2. Sacrococcygeal fractures

Tail pull injuries are very common. There is still debate about the need to amputate the tail  even in mild cases. The reason for amputation include immediate improvement in analgesia and a reduction in traction to the spinal cord from a flaccid non-functional tail.

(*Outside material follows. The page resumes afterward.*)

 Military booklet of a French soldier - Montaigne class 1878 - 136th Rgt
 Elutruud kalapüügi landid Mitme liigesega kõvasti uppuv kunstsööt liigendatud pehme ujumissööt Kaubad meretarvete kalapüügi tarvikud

No data yet to support these hypotheses.

Clinical signs and prognostic indicators in sacrococcygeal injuries
Caudal segments/nerve root Flaccid analgesic tail, normal urination and defecation 75% regain tail function
Caudal segments/nerve root and pelvic nerves Flaccid, analgesic tail, postures to urinate, inability to void urine, easy to express bladder, normal defecation 75% regain tail function and most regain urinary function in 2-4 weeks
Caudal segments/nerve root Flaccid, analgesic tail, decreased anal tone and reflexes, absence of posturing to urinate, difficult to express bladder (pudendal nerve reflex dysnergia) Some regain urinary function over the next 1-2 months
Caudal segments/nerve root Flaccid, analgesic tail, absent anal tone and reflexes, absent of posturing to urinate, faecal incontinence, easy to express bladder 25% regain urinary function within 2-3 months

Bladder function can be divided into 2 categories:

                1. If the bladder is easy to express and overflows when full, the lesion is likely to be located at spinal cord segments S1-S3 as the pudendal nerve originates from these segments and innervates the detrusor muscle and the skeletal muscle of the urethra. Thus, damage here results in flaccid paralysis of these muscles. This is the so-called lower motor neurone bladder. Classically, cats with tail pull injuries manifest like this. Anal tone and sensation will also be absent or reduced as this area is also innervated by the pudendal nerve. Urine usually gushes out of these cats when they are picked up. Chronically, these bladders can be more difficulty to express. This may be a result of continued and perhaps increased sympathetic stimulation of the urethral smooth muscle. This derives from the hypogastric nerve which originates from L2-L5 in cats.

                2. If the bladder is difficult to express and does not overflow (or overflows only if the bladder is really distended) the lesion is likely to be located between T3-L3 (assuming the forelimbs are normal). A lesion here results in spastic paralysis of the bladder, the classic upper motor neurone bladder, because of the same loss of upper motor neurone pathways that affect the limbs. If an UMN bladder overfills, the tight junctions between the detrusor muscle can be irreparably damaged so that the bladder function will never be regained and bladder tone will decrease. In general, the UMN bladder will regain function at the same time abd at the same rate as the limbs. However, the behavioural attributes of cats may influence whether this truly happens in practise. Cats being fastidious creatures will often not voluntarily urinate unless they can get themselves into the litter box and at the very least posture relatively normally.

3. Infectious disease

Infectious agents include bacteria, virus (FIP), fungi (Cryptococcus and other fungi), protozoa (Toxoplasma). Viral meningitis in cats is most commonly caused by FIP, followed by Cryptococcus. A high suspicion of FIP is made on age, signalment, and supporting laboratory data.